By Scott D. Barnhart, MS, and Martha S. Sloboda, MBA
Flexibility fosters evolution of oral thin films
The dissolvable oral thin film (OTF) platform is proven and accepted for both localized and systemic drug delivery. This platform continues to be embraced by patients and caregivers alike for its ease of delivery, portability, and accurate dosing. Since the first commercial launch of OTFs for systemic drug delivery in 2004, the platform has evolved as more pharmaceutical researchers evaluate ways to apply the benefits of this technology across more markets and therapeutic classes.1 As a result of these efforts, researchers have extended the use of the technology into prescription, nutritional, and veterinary applications. Advances in chemistries and the manufacturing processes employed during the formulation and scale-up of this technology play a significant role in advancing the potential of OTFs beyond immediate release oral applications.

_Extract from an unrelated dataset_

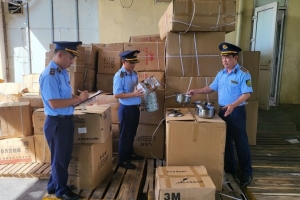 Vẫn “nhức nhối” vấn nạn hàng giả, hàng nhái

The chemistry and art behind formulating OTFs draw on polymer expertise derived from traditional solid, buccal, and transdermal dosage forms. By understanding these formats and leveraging their similarities, formulators can effectively deliver unique and compliant products out of the lab within a shortened product development time frame. The formulation flexibility of the OTF platform enables formulators to evaluate a broad range of excipients and active pharmaceutical ingredient (API) forms when embarking on new product development initiatives. This formulation flexibility may also increase a program’s chance for success by presenting chemists with a wider range of available material sets to produce both an acceptable and stable product.
When selecting an OTF to replace an existing product, the film’s dissolution rate, material selection, and absorption rate are all considered so that an equivalent or an improved product profile may be produced over existing liquids, capsules, and tablets. The robustness of thin film dosage forms has been demonstrated through 24-month International Conference on Harmonisation stability studies.
Ongoing research is extending dissolvable film technology to more complicated systems for modified or controlled release, including applications for topical delivery. In some cases, there is convergence with transdermal technology, enabling films to have more tangible adhesive properties such as increased dwell time in the mouth or other alternative delivery sites. This work relies on a strong understanding of the suitability, compatibility, and availability of material sets.
Robust OTFs are developed using current commercially available excipients that are generally regarded as safe. Most major suppliers of solid oral dosage forms materials now offer excipients that are appropriate for use in OTFs and potentially enhance disintegration properties.
The majority of film formulations are compounded as a liquid prior to being cast into films. A host of water, solvents, and combinations of both exist as process aides. Based on the solubility and compatibility of the API, a formulator can choose to develop a 100% water-based system, or, in the event that the API degrades in water, other pharmaceutically acceptable organic solvents. Solvent selection can also be used to enhance manufacturing efficiency based on the relative energy required to remove the volatile liquid during the film-casting process.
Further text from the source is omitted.